Question: Thank you. Governor, if you could address in terms of the Africa Rising narrative, we had a briefing this morning, and there are three elephants that are holding the Africa Rising down. That is namely, Angola, Nigeria, and South Africa. Is the Africa Rising narrative still floating upwards, or is it being tethered by the lead balloons?

Then if you could also indicate in terms of the IMF programs, there is lots of African countries that are waiting for assistance and have approached the IMF. If you could just update us in terms of timelines and how much they are looking for. And then, lastly, in terms of the Bali Fintech Agenda, if you could comment on an alternative to SWIFT; what are the plans? What are the IMF's views on the alternative to SWIFT? Thank you.

Mr. Kganyago: Thank you very much. Africa Rising, Africa continues to rise, but let's not deceive ourselves. Africa is a commodities play, and so when you are building that Africa Rising narrative, there was also the issue of commodities. But lots of countries have also begun to diversify. South Africa, we know, is one of the more diversified economies. And, quite frankly, if you were to take Nigeria and South Africa out of Sub-Saharan Africa, Sub-Saharan Africa is still growing very strongly, so let us not think that Africa has stopped rising. The fact that the two biggest economies have slowed down does not mean that Africa is not rising anymore. Africa is still rising.

The Fintech Agenda was not about an alternative to SWIFT. It was about the Fintech Agenda, and I think that is a very good platform on which we can build. Fintech offers incredible opportunities for financial inclusion; and just using some of the statistics, more than half of the mobile payment users are set to be on the African continent, and the reason is not hard to find. The reason is that where you have got very low banking penetration, the opportunities to use technology are actually significantly heightened.

There is a second aspect of fintech that would also be important, which has to do with cross-border remittances. I do not know if you know of the SADC (Southern African Development Community) RTGS (real-time gross settlement), which facilitates the movement of money within SADC, and it deals with one important issue, which is it has to do with the deadline in correspondent banking, because through that system, we are able to limit funds within the SADC region using technology.

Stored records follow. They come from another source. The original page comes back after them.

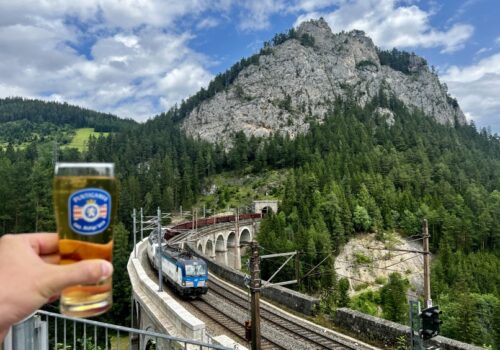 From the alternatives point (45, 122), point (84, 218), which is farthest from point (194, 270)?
point (45, 122)

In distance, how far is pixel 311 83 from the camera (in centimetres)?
15688

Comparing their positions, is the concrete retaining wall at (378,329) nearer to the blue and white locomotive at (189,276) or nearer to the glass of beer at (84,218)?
the blue and white locomotive at (189,276)

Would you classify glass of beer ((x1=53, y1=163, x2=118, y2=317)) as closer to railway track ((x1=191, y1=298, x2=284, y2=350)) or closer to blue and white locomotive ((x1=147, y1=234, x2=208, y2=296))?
railway track ((x1=191, y1=298, x2=284, y2=350))

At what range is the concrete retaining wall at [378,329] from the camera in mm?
13838

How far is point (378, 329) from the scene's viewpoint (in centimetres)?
1611

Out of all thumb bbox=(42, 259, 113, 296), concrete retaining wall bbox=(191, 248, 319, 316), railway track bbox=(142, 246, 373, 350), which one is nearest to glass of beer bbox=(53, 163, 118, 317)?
thumb bbox=(42, 259, 113, 296)

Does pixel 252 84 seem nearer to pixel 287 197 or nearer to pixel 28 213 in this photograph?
pixel 287 197

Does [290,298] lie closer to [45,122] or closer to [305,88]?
[305,88]

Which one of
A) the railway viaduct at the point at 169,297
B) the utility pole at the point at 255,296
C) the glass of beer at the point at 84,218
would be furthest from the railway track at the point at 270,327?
the glass of beer at the point at 84,218

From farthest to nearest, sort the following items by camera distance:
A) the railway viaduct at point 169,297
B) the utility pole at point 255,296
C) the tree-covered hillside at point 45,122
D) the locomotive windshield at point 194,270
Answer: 1. the tree-covered hillside at point 45,122
2. the locomotive windshield at point 194,270
3. the utility pole at point 255,296
4. the railway viaduct at point 169,297

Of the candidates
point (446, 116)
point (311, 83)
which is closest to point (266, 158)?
point (311, 83)

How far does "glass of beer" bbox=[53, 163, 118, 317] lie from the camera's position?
61.3 inches

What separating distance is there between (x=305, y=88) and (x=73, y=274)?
15974 cm

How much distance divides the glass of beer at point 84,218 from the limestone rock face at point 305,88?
5501 inches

And, third, you will be aware of the pilot that South Africa did in a project called Project Khokha, which was the utilization of distributed ledger technologies to settle payments within the payment systems, so within the payment, national payment assistance; and in the pilot, we were able to settle the volume that we normally settle in a whole day, we were able to do it in 1-1/2 hours.

So there are immense opportunities with respect to fintech, but as the Bali Agenda states, there are also risks that we are going to have to deal with, including whether regulators are geared to be able to make sure that the users of financial services are adequately protected with fintech. Without a doubt, it offers an incredible opportunity to broaden access to financial services.

Mr. Rice: Thank you, Mr. Chairman. Thanks, Madame Lagarde. Thanks to all of you. Thanks to Indonesia.